[J-core] 2 CPU:s or nothing

BGB cr88192 at gmail.com
Fri Nov 25 14:28:17 EST 2016

On 11/25/2016 12:04 PM, Daniel V wrote:
> Hi!
> Ok, some philosophical stuff here. And not critique of any kind.
> I just want to remind about something...
> If you want to boot a system you have a MCU and a CPU. Why cant both
> be built upon j-core?
> Is Linux capable of low latency stuff? Or do you use a FPGA for that?
> So if you use a ASIC with j-core, do you then need 1ASIC, 1FPGA 1MCU?
> Why is than that ASIC needed, and why is that FPGA needed? I
> understand if you want to build a custom platform that you can dump
> that FPGA and separate MCU, but it would be highly specific. But why
> not make it more general?
> Maybe that ASIC could have 1MCU and 1CPU. And why not let that MCU
> have 2 memory blocks, A boot-loader, and a separate memory for loading
> Arduino sketches or stuff like that. That MCU can then be used to
> patch the holes that Linux has on the real-time side.
> Maybe it's possible to reduce the need of the number of development
> chains to a fewer number, by letting that MCU be built upon a J-core.
> Maybe that wouldn't be space efficient, but is that really a concern.
> It's a lot cheaper than to have a separate of the shelf MCU and board
> space for it. If that MCU built upon J-core you could have a masked
> boot ROM in the ASIC, and then be load new programs into RAM. That
> wouldn't be efficient but cheep, and give fewer tool chains, and a lot
> easier to design things with that ASIC later on.
> Building a ASIC is a bit confusing. Because inefficient things is
> cheep. I'm not promoting bad design. I'm promoting flexibility by
> extending the thought a bit longer, and realize that extended
> capability will save money and time later on and give a longer
> usability of that ASIC, for other loads of projects by making it more
> general. It would cost more for that first application.

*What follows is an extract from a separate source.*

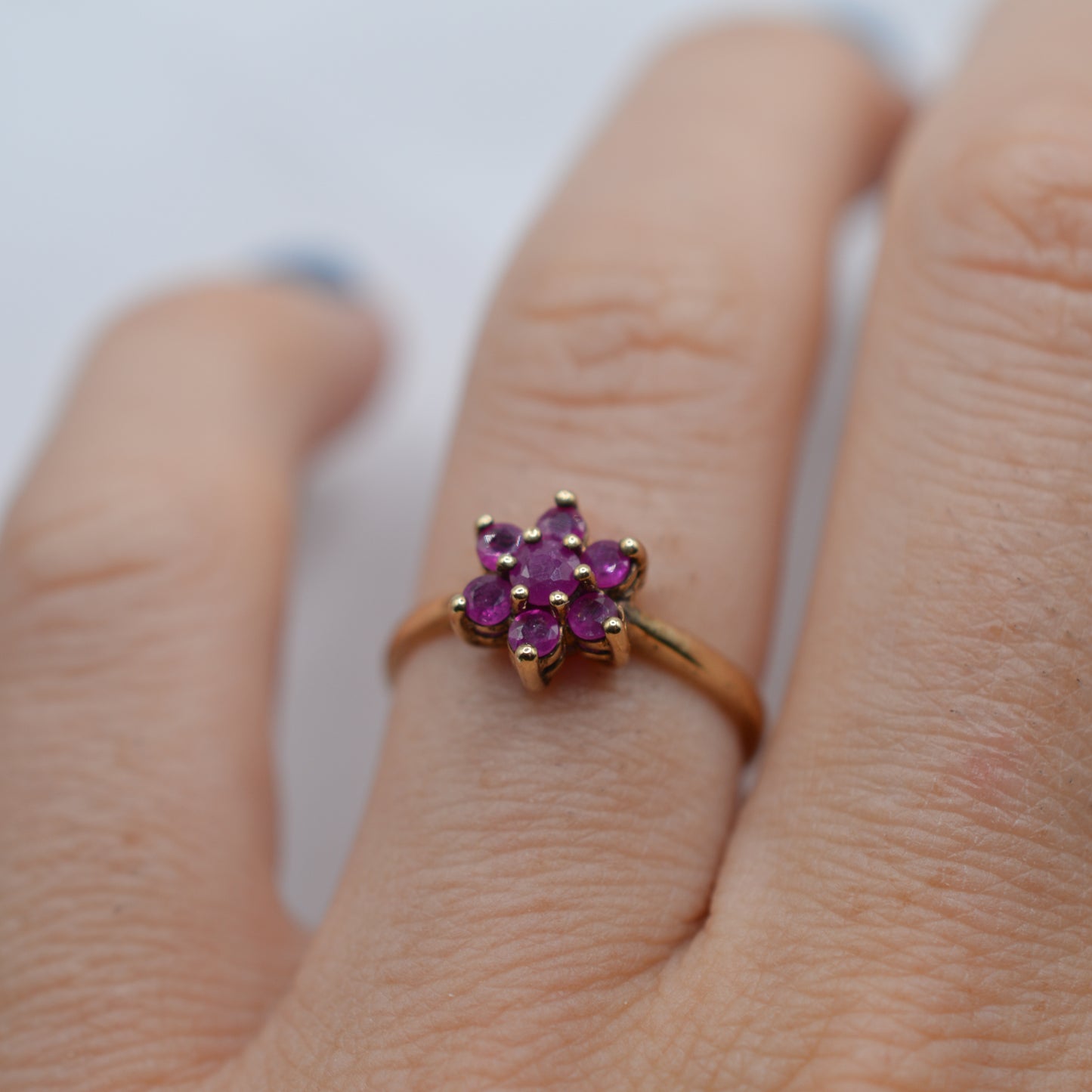 Y2K 2004 9ct Gold Ruby Floral Cluster Ring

But is really
> the ASIC the cost split over the number of pieces, than maybe that
> separate MCU should be dumped.
> I'm not saying that this is what to do, I'm saying that it's a thought
> that may come in handy for building upon a possible future. It would
> draw people to that platform, instead of away from it, because it does
> not have any practical applications for them.

something with both 1 or 2 CPU cores and an MCU could be nice.

possibly, the MCU's address space and also IO peripherals are exposed as 
a memory-mapped IO device, then the CPU can send a program over to the 
MCU part and let it run, possibly with the MCU being entirely RAM, 
rather than the usual SRAM+Flash (idea being here that the CPU loads a 
program into it on startup).

maybe also they can send interrupts to each other, to help facilitate 
passing messages between the CPU and MCU (with a pointer used to 
indicate where the message is at).

possibly both the CPU and MCU could have access to the GPIO pins and 

possibly, the MCU part could use a more limited form of the SH ISA 
if-needed to save transistors. for example, a lot of MCUs I have seen 
omit having things like a hardware multiplier. I guess relevant could be 
seeing what is the minimal set of features (presumably unmodified) GCC 
needs to make working code.

otherwise, yeah, not been doing much here lately, have been off working 
on other unrelated stuff, mostly on a newer Minecraft-style voxel 
engine. not much directly relevant, but misc stuff:
specialized LZ77+Rice entropy coder (mostly as a lower-overhead 
alternative to Deflate);
ended up inventing a vec3 format which stores 3 extended-floats in 128 
bits (last 32 bits is divided up and used as to extend the mantissa 
fields of the first 3 floats), mostly because the world-size is too big 
for normal float32 coords to be sufficient (but saved effort over adding 
3x double vectors to the script VM).

as noted, the C compiler idea basically stalled out and didn't go very 
far, and what work I was doing on the script VM was mostly used for the 
3D engine.

TBD if I will do more on the emulator.